YOUR GOAL |
Exclude the pictures and reproduce exactly the lines that run from the one holding "Casque Ecouteur Filaire" to the end of the entries below.

Records from a data collection |
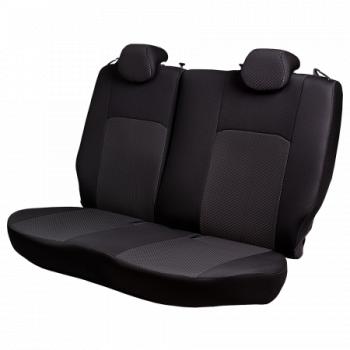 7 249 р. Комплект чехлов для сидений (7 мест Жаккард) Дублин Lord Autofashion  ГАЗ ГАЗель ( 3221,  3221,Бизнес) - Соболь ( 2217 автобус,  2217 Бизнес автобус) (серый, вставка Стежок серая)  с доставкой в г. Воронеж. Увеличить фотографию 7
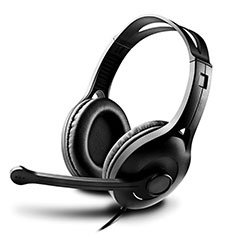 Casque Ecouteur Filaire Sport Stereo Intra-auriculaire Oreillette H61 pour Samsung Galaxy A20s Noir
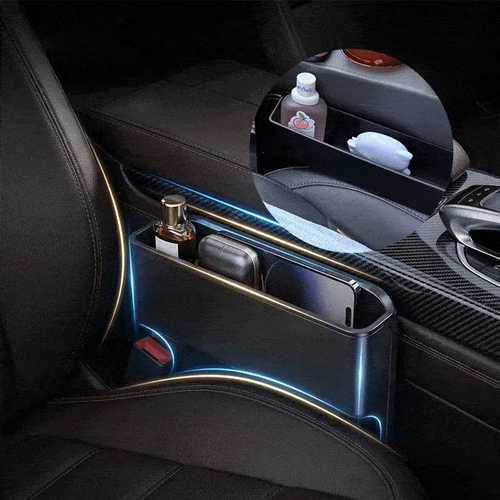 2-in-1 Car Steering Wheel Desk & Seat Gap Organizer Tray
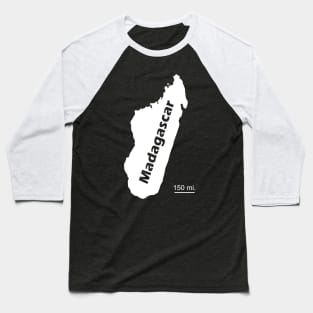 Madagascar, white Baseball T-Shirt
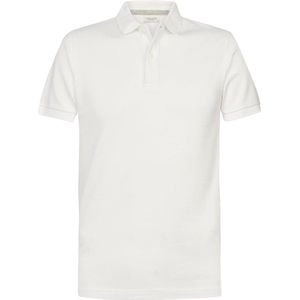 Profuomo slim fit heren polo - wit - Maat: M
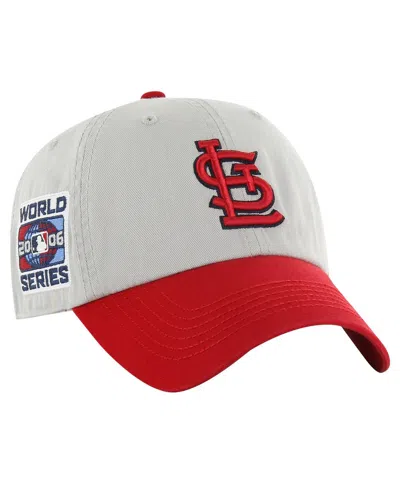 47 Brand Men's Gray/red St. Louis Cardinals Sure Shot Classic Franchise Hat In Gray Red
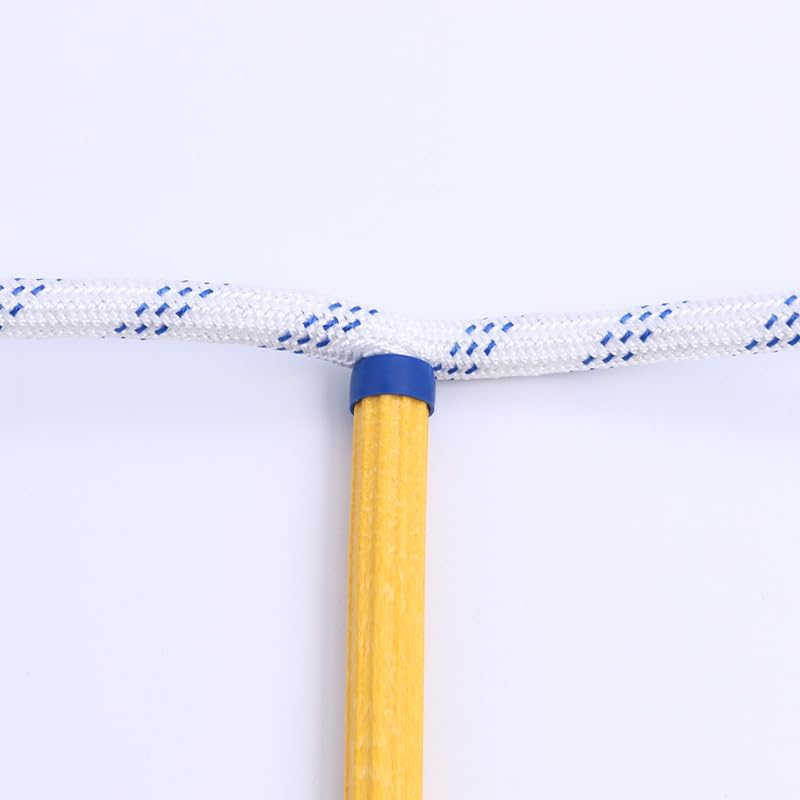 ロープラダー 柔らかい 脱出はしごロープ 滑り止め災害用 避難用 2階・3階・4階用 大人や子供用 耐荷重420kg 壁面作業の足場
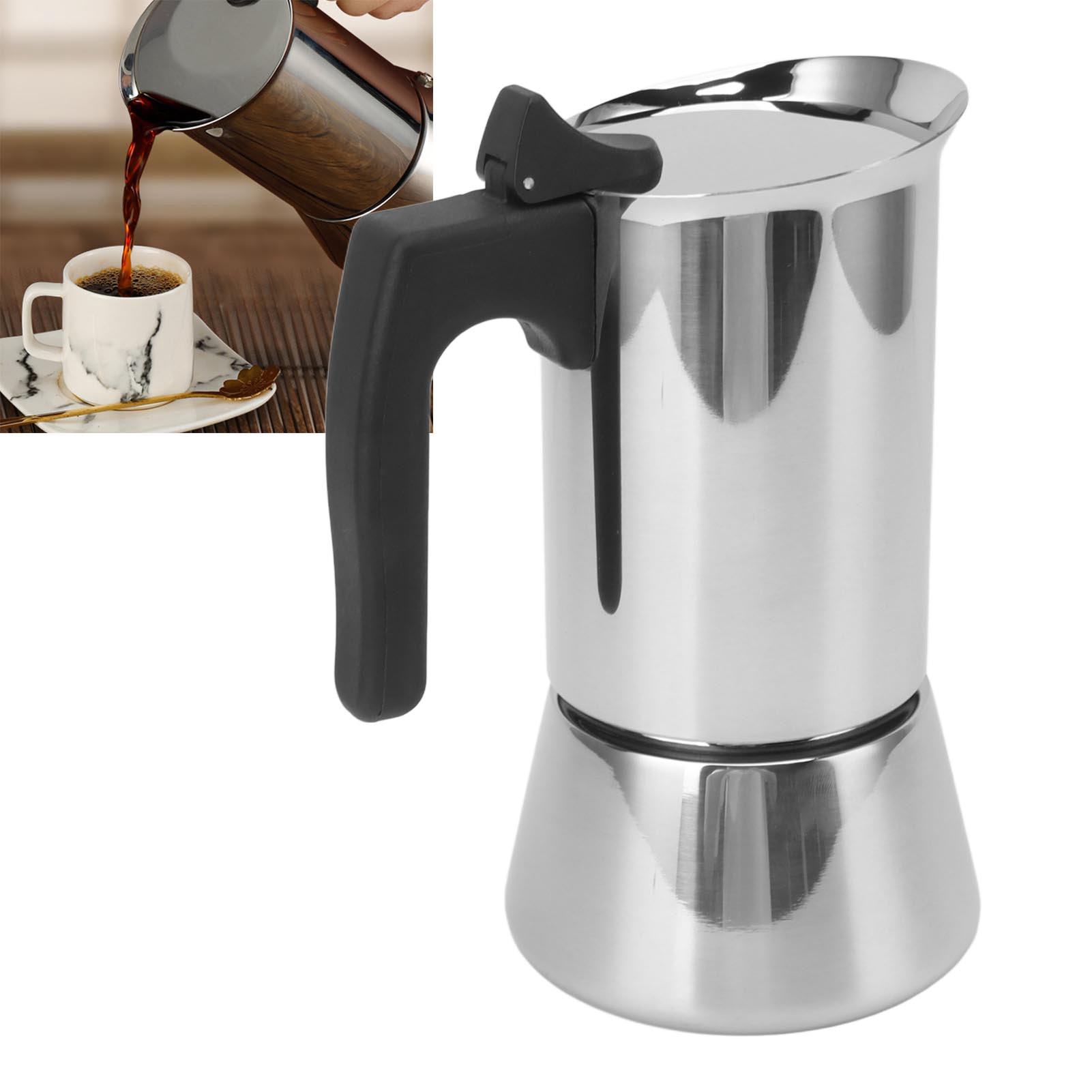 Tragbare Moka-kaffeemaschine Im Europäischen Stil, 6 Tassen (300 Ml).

SOLUTION FOR THIS PROBLEM |
 Casque Ecouteur Filaire Sport Stereo Intra-auriculaire Oreillette H61 pour Samsung Galaxy A20s Noir
 2-in-1 Car Steering Wheel Desk & Seat Gap Organizer Tray
 Madagascar, white Baseball T-Shirt
 Profuomo slim fit heren polo - wit - Maat: M
 47 Brand Men's Gray/red St. Louis Cardinals Sure Shot Classic Franchise Hat In Gray Red
 ロープラダー 柔らかい 脱出はしごロープ 滑り止め災害用 避難用 2階・3階・4階用 大人や子供用 耐荷重420kg 壁面作業の足場
 Tragbare Moka-kaffeemaschine Im Europäischen Stil, 6 Tassen (300 Ml).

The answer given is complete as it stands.